The Notebook


The Notebook Information

The Notebook is a 2004 American romantic drama film directed by Nick Cassavetes and based on the novel of the same name by Nicholas Sparks. The film stars Ryan Gosling and Rachel McAdams as a young couple who fall in love during the early 1940s. Their story is narrated from the present day by an elderly man (portrayed by James Garner) telling the tale to a fellow nursing home resident (played by Gena Rowlands, who is Cassavetes' mother).

The Notebook received mixed reviews but performed well at the box office and received several award nominations, winning eight Teen Choice Awards, a Satellite Award and a MTV Movie Award. The film has gained a cult following. On November 11, 2012, ABC Family premiered an extended version with deleted scenes added back into the original storyline.

Plot

At a modern-day nursing home, an elderly man named Duke (James Garner) begins to read a romantic story from his notebook to a fellow patient (Gena Rowlands).

The story he tells begins on June 6, 1940. In Seabrook Island, South Carolina, local country boy Noah Calhoun (Ryan Gosling) is smitten with seventeen-year-old heiress Allie Hamilton (Rachel McAdams) after seeing her at a carnival, and they share an idyllic summer love affair. Noah takes Allie to an abandoned house, which he explains that he intends to buy for them. Later that evening, she asks him to make love to her, but they are interrupted by Noah's friend Fin (Kevin Connolly) with the news that Allie's parents have the police out looking for her. When Allie and Noah return to her parents' mansion, they ban her from seeing Noah, whom they called "trash, trash, trash". The two break up and the next morning, Allie's mother announces that the family is returning home to Charleston.

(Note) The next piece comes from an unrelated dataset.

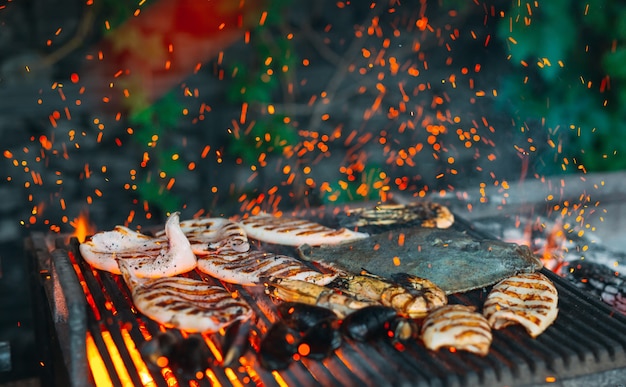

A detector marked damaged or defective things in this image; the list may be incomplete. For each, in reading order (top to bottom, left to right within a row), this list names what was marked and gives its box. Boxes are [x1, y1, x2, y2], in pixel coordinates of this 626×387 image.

Noah and Allie have no choice but to move on with their lives; Noah and Fin enlist to fight in World War II and Fin is killed in battle. Allie becomes a volunteer nurse in a hospital for wounded soldiers, where she meets an officer named Lon Hammond, Jr. (James Marsden), a young lawyer who is handsome, sophisticated, charming and comes from old Southern money. The two eventually become engaged, to the delight of Allie's parents, but Allie sees Noah's face when Lon asks her to marry him.

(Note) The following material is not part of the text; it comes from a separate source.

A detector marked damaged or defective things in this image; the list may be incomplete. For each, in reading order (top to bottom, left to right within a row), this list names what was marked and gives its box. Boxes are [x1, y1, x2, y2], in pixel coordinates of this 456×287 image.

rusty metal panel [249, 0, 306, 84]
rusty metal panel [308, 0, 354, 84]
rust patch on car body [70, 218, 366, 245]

When Noah returns home from the war, he discovers his father has sold their home so that Noah can buy the abandoned house, fulfilling his lifelong dream to buy it for the departed Allie, whom by now he hasn't seen for several years. While visiting Charleston, Noah witnesses Allie and Lon kissing at a restaurant; he convinces himself that if he restores the house, Allie will come back to him. Later, Allie is startled to read in the newspaper that Noah has completed the house, and she visits him in Seabrook.

In the present, it is made clear that the elderly woman is in fact Allie, who is suffering from dementia and cannot remember any of the events being read to her. Duke, the man who is reading to her, is her husband, but Allie cannot recognize him.

Back in the forties, Allie returns to Seabrook. She finds Noah living at the restored house, which has gone from a broken down mess to an extravagant and beautiful farm house. She and Noah have dinner in the room where they had been the first night they went to the house, and the next morning Allie visits Noah again. He takes her out onto the lake in a boat where they feed geese and talk. It begins to rain, and Noah rows them back to the dock. Allie gets out and begins to walk away and out of the pouring rain, but stops in her tracks and confronts Noah about him not writing to her, saying it wasn't over for her and that she waited for him for seven years. Noah tells her how he wrote her a letter a day for a year, and that it wasn't over for him either and it still wasn't over. He kisses her passionately and the two make love at Noah's now restored house. In the morning, Allie's mother appears on Noah's doorstep, warning Allie that a jealous Lon has followed her to Seabrook. She then relates a story in how she was in love with a man her parents also disapproved of and gives the letters Noah sent to Allie. After a fight with Noah, Allie leaves and she finally reads the first letter, which she feels betrayed by her mother's actions. Later, she confesses to Lon that she has been spending time with Noah. He is upset but says that he still loves her. Allie tells him she knows she should be with him, but she remains indecisive.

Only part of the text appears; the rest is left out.